Pour nous, français originaires de Nancy, la ville de Kyriat Shmona, située dans le nord de la Galilée, tout au nord d’Israël, revêt une importance particulière, car elle est jumelée avec notre ville.
Quand nous sommes allés visiter Kyrat Shmona en 2018, le gardien du musée, situé dans l’ancienne mosquée du village palestinien d’Al Khalisa, nous a expliqué que les palestiniens étaient déjà partis quand les israéliens sont arrivés en 1948.
Cette année, nous avons été visiter les camps de réfugiés palestiniens au Liban et notamment celui de Borj El Shemali, près de Tyr. Nous avons eu la possibilité d’y rencontrer des survivants de la Nakba[1], chassés par l’armée israélienne en 1948. Ils nous ont raconté ce qu’ils n’oublieront jamais. C’est une dame âgée qui nous parle, accompagnée de son mari :
« Nous avions 5 et 6 ans. Le village comportait un caravansérail[2] où l’on vendait de tout : des légumes au bétail. L’école de notre village était une école coranique et, pour apprendre les matières non religieuses, nous allions dans un village voisin. Mon père allait souvent au Liban tout proche pour y vendre des oranges et des citrons. Un matin, les soldats israéliens sont arrivés au village, avec une voiture surmontée d’un haut-parleur. Ils criaient : « partez, partez tout de suite sinon nous allons vous tuer !». Avec mes cinq frères, nous sommes sortis précipitamment avec un maigre baluchon, et nous avons marché très longtemps dans une vallée, pieds nus sur les cailloux. Un de mes frère est mort sur la route, car nous étions bombardés. Plus loin, nous avons été pris en charge par une calèche. Il y a ici [dans ce camp]4 ou 5 personnes qui sont aussi originaires de notre village. Tous sont partis avec presque rien, persuadés qu’ils allaient revenir rapidement. Nous avons fait halte dans plusieurs villages sur la route. Nous nous sommes arrêtés dans une maison, mais là aussi les soldats israéliens sont venus nous intimer l’ordre de partir immédiatement. Ils ont tué les garçons qui étaient là et nous les avons vu entourer la maison de mines et les mettre à feu, faisant s’écrouler la maison sur les habitants qui n’étaient pas sortis assez vite. Nous avons marché des jours durant, sans même pouvoir nous reposer. Finalement, nous sommes arrivés à la frontière libanaise, située à une journée de marche.

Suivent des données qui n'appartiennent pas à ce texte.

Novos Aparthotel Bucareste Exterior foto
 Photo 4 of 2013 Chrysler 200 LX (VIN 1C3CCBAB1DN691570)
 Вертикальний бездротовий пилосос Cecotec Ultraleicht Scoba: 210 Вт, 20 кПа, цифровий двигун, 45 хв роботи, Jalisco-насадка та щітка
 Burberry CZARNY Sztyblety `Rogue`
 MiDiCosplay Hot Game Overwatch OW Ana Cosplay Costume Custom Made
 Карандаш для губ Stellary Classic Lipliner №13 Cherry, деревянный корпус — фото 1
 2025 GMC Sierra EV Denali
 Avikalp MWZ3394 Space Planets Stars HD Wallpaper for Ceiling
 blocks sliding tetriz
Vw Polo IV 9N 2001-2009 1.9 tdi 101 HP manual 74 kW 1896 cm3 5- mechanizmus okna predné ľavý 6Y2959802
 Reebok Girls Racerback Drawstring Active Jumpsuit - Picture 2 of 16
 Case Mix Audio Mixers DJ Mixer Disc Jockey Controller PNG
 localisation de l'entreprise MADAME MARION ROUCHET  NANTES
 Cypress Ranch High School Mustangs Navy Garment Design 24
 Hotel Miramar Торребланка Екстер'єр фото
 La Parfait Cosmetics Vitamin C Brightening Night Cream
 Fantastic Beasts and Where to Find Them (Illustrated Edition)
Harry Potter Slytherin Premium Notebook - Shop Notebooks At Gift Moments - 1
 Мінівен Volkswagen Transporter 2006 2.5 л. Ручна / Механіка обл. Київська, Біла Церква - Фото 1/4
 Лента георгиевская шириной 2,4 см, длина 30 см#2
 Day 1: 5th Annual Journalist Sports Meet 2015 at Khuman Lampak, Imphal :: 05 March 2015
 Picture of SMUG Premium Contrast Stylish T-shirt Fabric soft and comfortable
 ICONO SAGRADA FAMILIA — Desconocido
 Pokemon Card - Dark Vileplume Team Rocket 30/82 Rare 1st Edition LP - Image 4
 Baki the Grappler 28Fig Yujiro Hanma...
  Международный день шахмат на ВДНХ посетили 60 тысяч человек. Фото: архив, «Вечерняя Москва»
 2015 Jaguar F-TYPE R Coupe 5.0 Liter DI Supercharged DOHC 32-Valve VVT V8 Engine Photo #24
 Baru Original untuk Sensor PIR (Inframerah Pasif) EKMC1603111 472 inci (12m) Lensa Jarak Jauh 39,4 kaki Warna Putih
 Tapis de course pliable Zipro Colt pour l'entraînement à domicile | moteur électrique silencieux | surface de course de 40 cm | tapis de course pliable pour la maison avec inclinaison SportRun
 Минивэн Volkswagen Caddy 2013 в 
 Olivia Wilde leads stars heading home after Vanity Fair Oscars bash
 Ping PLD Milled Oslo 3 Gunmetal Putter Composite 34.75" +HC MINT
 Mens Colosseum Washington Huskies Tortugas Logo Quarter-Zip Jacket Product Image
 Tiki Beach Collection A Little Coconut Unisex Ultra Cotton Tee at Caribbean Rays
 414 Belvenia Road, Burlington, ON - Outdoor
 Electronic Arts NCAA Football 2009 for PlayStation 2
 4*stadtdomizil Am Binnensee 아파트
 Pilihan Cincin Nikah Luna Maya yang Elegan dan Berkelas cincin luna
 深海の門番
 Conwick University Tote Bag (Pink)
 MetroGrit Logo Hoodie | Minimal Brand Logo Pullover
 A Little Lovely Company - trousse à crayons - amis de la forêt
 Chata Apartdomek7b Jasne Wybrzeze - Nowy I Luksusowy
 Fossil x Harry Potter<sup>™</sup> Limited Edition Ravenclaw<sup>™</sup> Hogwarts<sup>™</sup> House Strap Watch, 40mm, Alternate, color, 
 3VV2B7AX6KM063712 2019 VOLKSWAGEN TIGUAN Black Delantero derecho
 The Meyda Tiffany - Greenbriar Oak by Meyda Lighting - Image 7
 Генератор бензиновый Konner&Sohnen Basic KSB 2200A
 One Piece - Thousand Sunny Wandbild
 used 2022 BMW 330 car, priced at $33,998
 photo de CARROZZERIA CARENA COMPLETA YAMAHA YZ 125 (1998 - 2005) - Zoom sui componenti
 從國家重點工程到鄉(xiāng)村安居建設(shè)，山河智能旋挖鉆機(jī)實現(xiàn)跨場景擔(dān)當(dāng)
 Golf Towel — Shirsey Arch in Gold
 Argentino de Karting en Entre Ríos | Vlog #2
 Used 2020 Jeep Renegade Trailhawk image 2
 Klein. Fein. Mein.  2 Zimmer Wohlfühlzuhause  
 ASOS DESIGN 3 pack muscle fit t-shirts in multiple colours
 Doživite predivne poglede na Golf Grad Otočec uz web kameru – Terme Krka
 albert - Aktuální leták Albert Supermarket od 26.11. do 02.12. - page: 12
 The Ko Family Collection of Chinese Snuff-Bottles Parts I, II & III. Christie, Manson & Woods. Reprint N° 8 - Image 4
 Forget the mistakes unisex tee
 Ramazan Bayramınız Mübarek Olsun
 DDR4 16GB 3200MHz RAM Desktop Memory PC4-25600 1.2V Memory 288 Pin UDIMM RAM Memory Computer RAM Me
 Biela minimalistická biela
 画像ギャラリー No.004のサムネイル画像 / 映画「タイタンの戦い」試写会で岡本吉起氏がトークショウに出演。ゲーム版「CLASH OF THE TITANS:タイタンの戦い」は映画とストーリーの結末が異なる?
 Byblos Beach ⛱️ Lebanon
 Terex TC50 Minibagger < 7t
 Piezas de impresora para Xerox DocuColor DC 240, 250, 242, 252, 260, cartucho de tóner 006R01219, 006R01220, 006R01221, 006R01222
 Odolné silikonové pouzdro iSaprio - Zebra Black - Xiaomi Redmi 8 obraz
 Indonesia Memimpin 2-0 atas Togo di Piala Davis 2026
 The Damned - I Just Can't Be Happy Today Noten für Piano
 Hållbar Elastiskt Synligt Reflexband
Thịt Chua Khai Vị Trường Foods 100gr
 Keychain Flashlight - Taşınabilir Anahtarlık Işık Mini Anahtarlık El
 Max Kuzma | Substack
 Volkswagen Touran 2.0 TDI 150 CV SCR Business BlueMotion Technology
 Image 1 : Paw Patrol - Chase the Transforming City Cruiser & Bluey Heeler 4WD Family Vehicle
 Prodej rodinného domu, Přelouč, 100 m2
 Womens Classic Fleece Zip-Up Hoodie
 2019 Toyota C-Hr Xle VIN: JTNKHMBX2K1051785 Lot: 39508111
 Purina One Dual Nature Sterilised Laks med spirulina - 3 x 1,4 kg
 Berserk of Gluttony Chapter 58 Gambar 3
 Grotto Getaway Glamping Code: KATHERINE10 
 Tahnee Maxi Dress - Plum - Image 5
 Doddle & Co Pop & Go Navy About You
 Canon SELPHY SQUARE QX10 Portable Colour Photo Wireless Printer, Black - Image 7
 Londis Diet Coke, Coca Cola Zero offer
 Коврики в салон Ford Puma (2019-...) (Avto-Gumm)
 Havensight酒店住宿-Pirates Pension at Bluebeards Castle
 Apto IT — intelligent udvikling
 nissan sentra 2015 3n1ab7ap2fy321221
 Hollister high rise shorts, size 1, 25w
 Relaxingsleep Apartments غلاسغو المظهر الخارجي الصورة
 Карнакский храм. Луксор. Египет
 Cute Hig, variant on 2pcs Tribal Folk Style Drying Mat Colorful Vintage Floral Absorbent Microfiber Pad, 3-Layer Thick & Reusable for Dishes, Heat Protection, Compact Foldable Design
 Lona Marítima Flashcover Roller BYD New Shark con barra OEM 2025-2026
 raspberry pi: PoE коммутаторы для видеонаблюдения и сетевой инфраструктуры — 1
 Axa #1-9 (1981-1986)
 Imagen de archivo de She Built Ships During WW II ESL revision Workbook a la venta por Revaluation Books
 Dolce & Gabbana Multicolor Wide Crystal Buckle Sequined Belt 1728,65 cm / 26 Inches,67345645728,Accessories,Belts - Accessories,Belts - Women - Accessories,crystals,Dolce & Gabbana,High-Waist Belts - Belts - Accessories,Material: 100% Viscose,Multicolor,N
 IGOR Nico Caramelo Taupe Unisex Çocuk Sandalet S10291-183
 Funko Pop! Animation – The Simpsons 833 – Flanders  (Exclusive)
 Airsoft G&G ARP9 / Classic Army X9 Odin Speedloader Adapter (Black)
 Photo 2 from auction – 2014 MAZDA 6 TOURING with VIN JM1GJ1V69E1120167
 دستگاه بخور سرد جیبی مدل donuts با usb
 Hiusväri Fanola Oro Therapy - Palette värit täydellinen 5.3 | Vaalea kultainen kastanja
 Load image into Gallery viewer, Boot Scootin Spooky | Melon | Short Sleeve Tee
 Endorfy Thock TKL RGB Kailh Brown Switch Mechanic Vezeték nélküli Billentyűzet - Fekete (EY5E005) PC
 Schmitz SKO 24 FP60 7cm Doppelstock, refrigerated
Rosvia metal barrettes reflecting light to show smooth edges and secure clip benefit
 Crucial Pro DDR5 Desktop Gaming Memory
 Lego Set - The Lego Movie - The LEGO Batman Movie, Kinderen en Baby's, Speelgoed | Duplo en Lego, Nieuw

Là nous avons été conduits au camp de Quasmiyyeh, près de Tyr ou des tentes avaient été montées pour nous. Plus tard, nous avons été transférés ici, à Borj El Shemali. Nous avons d’abord construit des baraques, puis les européens sont venus nous aider à construire en dur[3]. Nous n’avons jamais pu revenir dans notre village". Ils nous montrent une copie de leur extrait de naissance prouvant leur origine. Beaucoup de palestiniens ont conservé une clef de leur maison, car ils croyaient pouvoir revenir chez eux. Plus de 600 villages palestiniens ont été ainsi rasés et rayés de la carte par l’armée israélienne, mais une association israélienne, Decolonizer, a retrouvé ces villages et en a produit une carte précise. Aujourd’hui, tous se souviennent de leur village d’origine et exigent le droit au retour
[1] Ce que les palestiniens appellent la Nakba (désastre, ou catastrophe), est l’exode forcé des palestiniens lors de l’invasion de leur pays par l’armée israélienne en 1948.
[2] Le caravansérail est un bâtiment qui accueillait les marchands et les pèlerins le long des routes et dans les villes, au moyen orient. (source Wikipedia). Ce bâtiment, ainsi que la mosquée, est encore visible aujourd’hui.
[3] L’UNWRA, Office de secours et de travaux des Nations unies pour les réfugiés de Palestine dans le Proche-Orient, a été créé fin 1949. Son existence est aujourd’hui menacée par les retrait des USA du financement de cet organisme.